Maximize the size of the pots that you win; minimize the amount of your money in the pots that you lose.
Pretty anti-climactic, eh? Expecting quite a bit more, weren't you? And why wouldn't you...to be told to expect the golden rule of your favourite game is bound to straighten you up to attention in your seat. And to be told something so simple, something so base that you already knew, has got to hurt. Before you hit your Back button to leave this page in disgust, I hold that half of home poker players have never thought of this point in its entirety. And of the half that do, I also hold that half of them do not keep this principle in mind when making every single observation and every single decision they make at the Poker table.
This rule of Poker is in fact so simple, that it is often overlooked.
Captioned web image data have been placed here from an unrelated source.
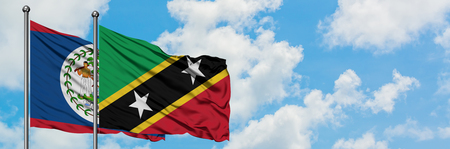 Belize and Saint Kitts And Nevis flag waving in the wind against white cloudy blue sky together. Diplomacy concept, international relations.の写真素材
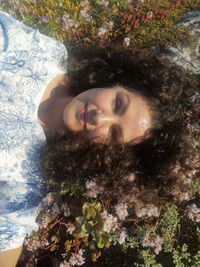 Portrait of smiling young woman against plants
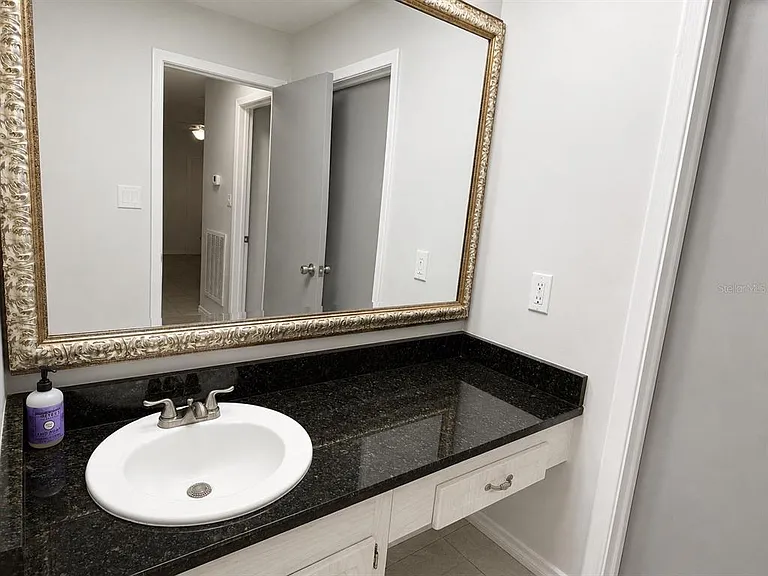 1706 Belleair Forest Dr #244 — Photo 16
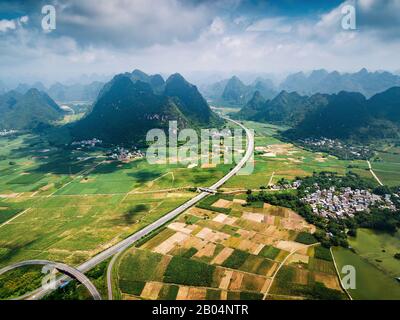 Malerische Autobahn in der chinesischen Provinz Guangxi, umgeben von Reisfeldern und Karstfelsen Stockfoto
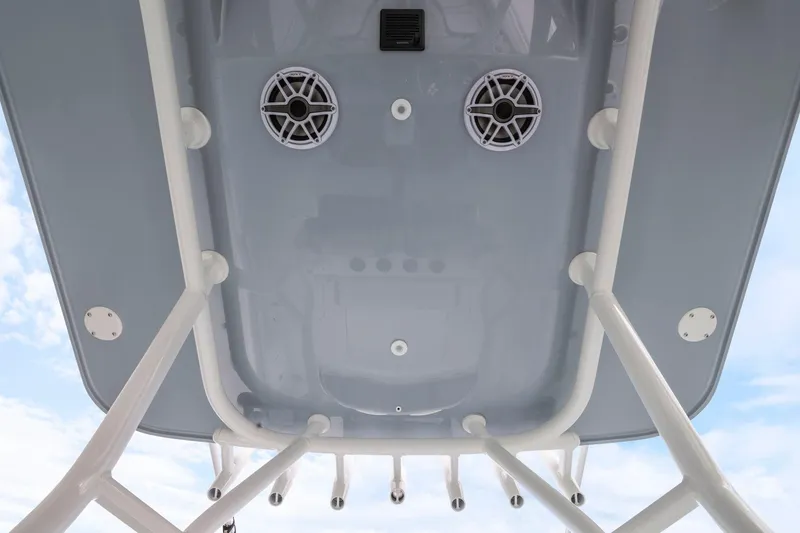  Yacht Photos Pics 2026 Yellowfin 32 Offshore boat roof with speakers and rod holders against blue sky.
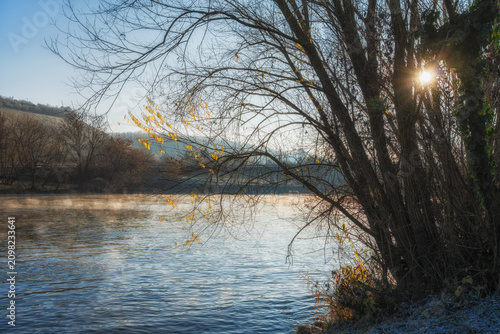 Φωτογραφία Winter river bank, fog over the river, sun through the bushes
Every time you put money into a pot that you can't win 'just to see what comes up', you lose more money than you need to. Every time you don't maximize the size of the pot by folding players with a big bet who would have otherwise stayed in and called on a smaller bet, you win less money that you could have. It must be emphasized that individual hands are insignificant compared to your overall winnings/losings over the course of the night. Knowing when to hold 'em and when to fold 'em is the smartest thing that non-gambler Kenny Rogers ever contributed to this game. Again, it's so simple, it's overlooked. I challenge anybody to come up with a single generic poker strategy that does not, in some way, branch off of this one golden rule of Poker. The fact is that this rule is the basis behind all intelligent Poker playing. In fact, as more golden rules of poker are put forward in the weeks to come, the truth is that they will all go back to this one rule. Therefore, we'll take this one with basic examples and illustrations.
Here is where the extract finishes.